Most hedge funds spent last year aggressively “short” on government bonds, but portfolio managers at individual funds and investment companies that invest in hedge funds - so-called funds-of-funds - told Reuters some are changing their view.

“We hear diverging opinions,” said Pacome Breton, head of portfolio management at hedge fund allocator FQS Capital Partners. “Some after the rally up to December were cautious and taking profit for better entry points.”

Other funds are buying on the expectation that faster inflation will keep yields at higher levels, he said.

Hedge funds are often first off the mark to identify trends, so concerted buying of government bonds may herald an increased allocation to government bonds by the wider investment industry.

On the flip side, they are also agile and could quickly exit their holdings if the market turns, for example in connection with political risks linked to Dutch, French, German and possibly Italian elections in 2017.

Last year, low yields kept many hedge funds away from government bonds, though some did invest in “ultra-long” bonds with a higher yield issued by euro zone countries.

Since then, yields have risen sharply across the board on signs of an improving global economy, expectations of reduced central bank monetary stimulus and with the election of Donald Trump as U.S. President raising hopes for fiscal stimulus and higher inflation in the world’s richest country.

The yield on Germany’s 10-year government bond, the region’s benchmark, went from minus 0.16 percent in late September to a positive yield just shy of 0.50 percent in January.

At the same time, hedge fund demand for recent bond sales by European governments has been among the highest in years, according to the bankers who ran those transactions.

In January, Belgium, France, Spain, Italy and Portugal sold a total of 30 billion euros of bonds through syndicated bond sales. Hedge funds bought just over 2.5 billion euros of that.

Bankers who managed some of those syndications said demand from the funds was several billions higher.
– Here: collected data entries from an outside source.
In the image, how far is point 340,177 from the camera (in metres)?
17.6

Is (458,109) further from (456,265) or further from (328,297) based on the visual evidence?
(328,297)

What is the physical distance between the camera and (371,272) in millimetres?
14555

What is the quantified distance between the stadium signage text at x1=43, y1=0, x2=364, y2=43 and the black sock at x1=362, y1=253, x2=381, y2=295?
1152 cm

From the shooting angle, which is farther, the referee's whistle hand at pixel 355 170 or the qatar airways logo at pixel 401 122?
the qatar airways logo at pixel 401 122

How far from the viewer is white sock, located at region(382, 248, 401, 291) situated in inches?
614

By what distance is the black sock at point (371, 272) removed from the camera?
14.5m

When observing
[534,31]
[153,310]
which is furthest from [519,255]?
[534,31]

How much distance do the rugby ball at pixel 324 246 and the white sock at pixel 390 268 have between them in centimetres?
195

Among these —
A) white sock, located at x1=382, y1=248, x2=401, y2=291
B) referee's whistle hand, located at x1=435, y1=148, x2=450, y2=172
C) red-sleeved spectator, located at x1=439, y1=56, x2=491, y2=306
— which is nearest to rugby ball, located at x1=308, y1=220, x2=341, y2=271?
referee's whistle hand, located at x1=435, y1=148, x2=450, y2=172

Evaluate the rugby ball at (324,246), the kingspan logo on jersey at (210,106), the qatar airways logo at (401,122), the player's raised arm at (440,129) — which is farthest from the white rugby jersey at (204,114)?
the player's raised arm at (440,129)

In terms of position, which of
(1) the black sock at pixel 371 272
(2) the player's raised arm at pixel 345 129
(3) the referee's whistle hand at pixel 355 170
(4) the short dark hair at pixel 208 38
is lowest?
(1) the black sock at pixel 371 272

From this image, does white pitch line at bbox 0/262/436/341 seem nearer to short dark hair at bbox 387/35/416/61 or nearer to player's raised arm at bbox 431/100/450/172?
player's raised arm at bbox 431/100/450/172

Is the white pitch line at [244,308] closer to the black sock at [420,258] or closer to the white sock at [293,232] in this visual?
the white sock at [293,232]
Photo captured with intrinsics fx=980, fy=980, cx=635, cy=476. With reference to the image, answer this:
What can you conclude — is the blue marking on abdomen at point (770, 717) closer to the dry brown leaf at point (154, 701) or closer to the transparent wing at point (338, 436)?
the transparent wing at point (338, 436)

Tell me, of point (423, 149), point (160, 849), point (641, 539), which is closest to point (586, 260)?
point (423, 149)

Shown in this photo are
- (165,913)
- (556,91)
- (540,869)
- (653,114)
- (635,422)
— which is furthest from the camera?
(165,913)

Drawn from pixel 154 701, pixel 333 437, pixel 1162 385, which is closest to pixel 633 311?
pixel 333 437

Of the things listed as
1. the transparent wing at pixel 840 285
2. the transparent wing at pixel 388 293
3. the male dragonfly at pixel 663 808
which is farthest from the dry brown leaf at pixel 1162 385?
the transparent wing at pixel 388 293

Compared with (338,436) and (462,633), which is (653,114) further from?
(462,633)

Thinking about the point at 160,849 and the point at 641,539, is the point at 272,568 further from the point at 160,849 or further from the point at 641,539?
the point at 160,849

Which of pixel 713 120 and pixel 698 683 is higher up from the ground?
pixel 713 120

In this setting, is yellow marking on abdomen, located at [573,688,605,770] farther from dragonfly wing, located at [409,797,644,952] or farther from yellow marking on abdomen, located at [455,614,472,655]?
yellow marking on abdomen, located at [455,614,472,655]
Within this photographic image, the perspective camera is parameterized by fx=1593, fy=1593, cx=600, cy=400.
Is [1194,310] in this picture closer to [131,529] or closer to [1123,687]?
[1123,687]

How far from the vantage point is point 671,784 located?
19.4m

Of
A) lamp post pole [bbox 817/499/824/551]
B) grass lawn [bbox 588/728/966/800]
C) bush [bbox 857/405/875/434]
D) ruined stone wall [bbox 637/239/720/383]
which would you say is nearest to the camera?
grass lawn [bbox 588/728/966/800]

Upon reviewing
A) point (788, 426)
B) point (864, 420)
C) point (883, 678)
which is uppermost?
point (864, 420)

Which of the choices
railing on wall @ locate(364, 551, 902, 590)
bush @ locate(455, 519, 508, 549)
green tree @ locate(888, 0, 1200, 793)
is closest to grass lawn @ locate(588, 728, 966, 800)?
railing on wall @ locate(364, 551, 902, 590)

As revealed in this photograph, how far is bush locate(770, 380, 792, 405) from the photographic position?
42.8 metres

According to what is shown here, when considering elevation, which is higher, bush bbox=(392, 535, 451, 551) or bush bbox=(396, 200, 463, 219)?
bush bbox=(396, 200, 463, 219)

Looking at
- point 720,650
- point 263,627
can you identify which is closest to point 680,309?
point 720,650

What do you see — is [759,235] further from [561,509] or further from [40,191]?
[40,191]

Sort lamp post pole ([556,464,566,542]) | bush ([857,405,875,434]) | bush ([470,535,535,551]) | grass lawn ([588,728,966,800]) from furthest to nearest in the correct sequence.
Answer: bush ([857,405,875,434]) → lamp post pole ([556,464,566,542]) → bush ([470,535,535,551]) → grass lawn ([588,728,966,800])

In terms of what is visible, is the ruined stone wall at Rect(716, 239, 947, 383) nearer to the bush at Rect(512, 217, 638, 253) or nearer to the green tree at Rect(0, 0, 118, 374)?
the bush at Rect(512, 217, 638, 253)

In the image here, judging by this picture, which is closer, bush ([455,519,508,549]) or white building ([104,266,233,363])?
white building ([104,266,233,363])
However, the governments preferred to sell to more long-term investors such as central banks and fund managers, the bankers said.
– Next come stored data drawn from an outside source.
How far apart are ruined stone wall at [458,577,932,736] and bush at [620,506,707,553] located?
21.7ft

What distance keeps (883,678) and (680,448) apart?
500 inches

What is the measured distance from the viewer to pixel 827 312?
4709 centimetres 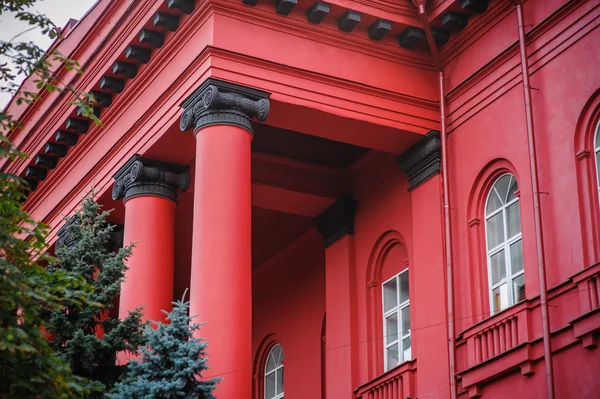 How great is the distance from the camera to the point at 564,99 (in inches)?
674

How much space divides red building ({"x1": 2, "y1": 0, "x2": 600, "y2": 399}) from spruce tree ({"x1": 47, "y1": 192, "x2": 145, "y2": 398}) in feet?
3.92

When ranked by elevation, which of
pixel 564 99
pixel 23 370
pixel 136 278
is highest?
pixel 564 99

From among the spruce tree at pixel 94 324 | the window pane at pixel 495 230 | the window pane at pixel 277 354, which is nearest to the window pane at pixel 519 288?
the window pane at pixel 495 230

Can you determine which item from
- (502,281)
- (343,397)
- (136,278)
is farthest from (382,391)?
(136,278)

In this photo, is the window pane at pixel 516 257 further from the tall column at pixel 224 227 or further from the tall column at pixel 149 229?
the tall column at pixel 149 229

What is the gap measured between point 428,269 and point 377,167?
9.90ft

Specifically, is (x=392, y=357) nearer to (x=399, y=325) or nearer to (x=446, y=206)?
(x=399, y=325)

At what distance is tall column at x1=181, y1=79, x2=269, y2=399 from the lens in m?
16.2

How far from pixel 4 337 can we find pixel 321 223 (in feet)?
37.4

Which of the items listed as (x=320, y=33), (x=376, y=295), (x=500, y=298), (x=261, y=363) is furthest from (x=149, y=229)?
(x=261, y=363)

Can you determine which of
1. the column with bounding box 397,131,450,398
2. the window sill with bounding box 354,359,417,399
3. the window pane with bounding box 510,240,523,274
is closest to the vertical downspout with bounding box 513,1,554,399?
the window pane with bounding box 510,240,523,274

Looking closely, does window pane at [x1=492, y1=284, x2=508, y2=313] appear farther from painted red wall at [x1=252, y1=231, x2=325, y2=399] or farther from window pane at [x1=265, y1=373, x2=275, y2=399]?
window pane at [x1=265, y1=373, x2=275, y2=399]

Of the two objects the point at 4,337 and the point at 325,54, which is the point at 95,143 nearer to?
the point at 325,54

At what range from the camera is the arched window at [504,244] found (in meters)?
17.5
Demand was particularly strong at Italy’s recent 6 billion euro syndicated bond sale, where over 1 billion euros, or 17.3 percent, was bought by hedge funds -- the highest percentage taken up by that class of investor in an Italian fixed-rate bond sale in at least five years.
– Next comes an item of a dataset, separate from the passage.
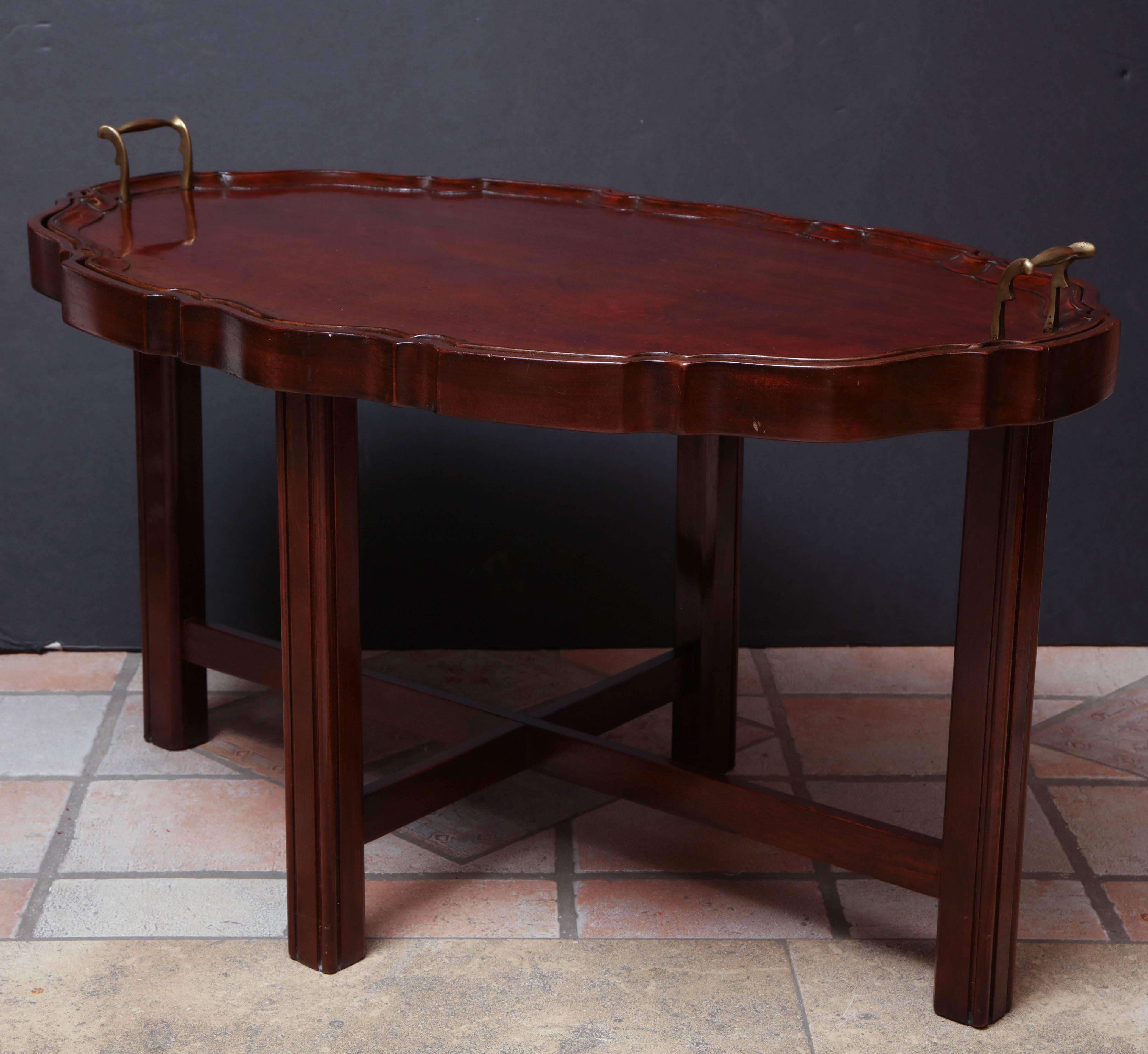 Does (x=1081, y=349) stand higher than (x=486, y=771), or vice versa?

Investors pulled over $100 billion from hedge funds in 2016 amid lacklustre performance, according to an eVestment report.

It was a difficult year for most investors with macro managers, who typically invest in bonds as well as currencies, racking up losses in seven out of 12 months, though still ending the year up a modest 1.49 percent, showed data from industry tracker Hedge Fund Research.

The hedge funds at the vanguard of buying government bonds this year are credit-based specialists and macro funds, which express a view on the macroeconomic situation, usually through bonds and currencies.

THE PENDULUM SWINGS

“We think the pendulum now swings the other way ... and hedge funds and other government bond investors are interested in going long bonds now,” said Louis Gargour, chief investment officer at London-based LNG Capital.

“We went long after Trump became president, combined with better than expected data out of Germany and the UK in December and in January,” he said.

Euro zone inflation rose to its highest level in the month of January, up 1.8 percent year-on-year. The highest since Feb 2013 and close to the European Central Bank’s target of close to 2 percent.

Not all hedge funds are sold on government bonds.

“We don’t want to buy anything,” said Alberto Gallo, head of macro strategies at Algebris. “We are short and we think that France 10-year will go to 1.5 percent, Italy 10-year will go wider to at least 2.5 percent, Bund 10-year to 0.6- 0.7 percent.”

Said Haidar, founder and CIO at Haidar Capital Management, said government bond sales via syndication may offer short-term tactical opportunities to buy bonds.

New York-based Haidar, which managed $308 million in assets as of Nov. 30, according to its website, bought into France’s inaugural Green bond and Italy’s 15-year and Spain’s 10-year.

“We think this steepening in European bonds is going to continue because people are going to anticipate the end of quantitative easing programmes,” said Haidar.